Protocol for the 'e-Nudge trial': a randomised controlled trial of electronic feedback to reduce the cardiovascular risk of individuals in general practice [ISRCTN64828380]

Health Services Research Institute, Warwick Medical School, Gibbet Hill Rd, Coventry CV4 7AL, UK.
Trials (Impact Factor: 2.12). 02/2006; 7:11. DOI: 10.1186/1745-6215-7-11
Source: PubMed

ABSTRACT Background
Cardiovascular disease (including coronary heart disease and stroke) is a major cause of death and disability in the United Kingdom, and is to a large extent preventable, by lifestyle modification and drug therapy. The recent standardisation of electronic codes for cardiovascular risk variables through the United Kingdom's new General Practice contract provides an opportunity for the application of risk algorithms to identify high risk individuals. This randomised controlled trial will test the benefits of an automated system of alert messages and practice searches to identify those at highest risk of cardiovascular disease in primary care databases.

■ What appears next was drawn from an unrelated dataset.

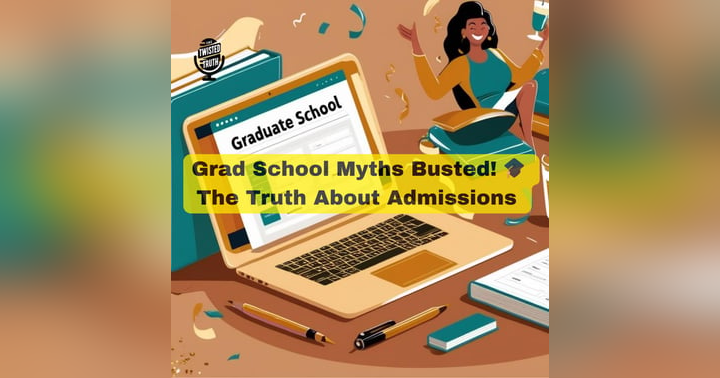 image for The Twisted Truth About Applying to Grad School: Debunking Myths with an NYU Admissions Director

Patients over 50 years old in practice databases will be randomised to the intervention group that will receive the alert messages and searches, and a control group who will continue to receive usual care. In addition to those at high estimated risk, potentially high risk patients will be identified who have insufficient data to allow a risk estimate to be made. Further groups identified will be those with possible undiagnosed diabetes, based either on elevated past recorded blood glucose measurements, or an absence of recent blood glucose measurement in those with established cardiovascular disease.

Outcome measures
The intervention will be applied for two years, and outcome data will be collected for a further year. The primary outcome measure will be the annual rate of cardiovascular events in the intervention and control arms of the study. Secondary measures include the proportion of patients at high estimated cardiovascular risk, the proportion of patients with missing data for a risk estimate, and the proportion with undefined diabetes status at the end of the trial.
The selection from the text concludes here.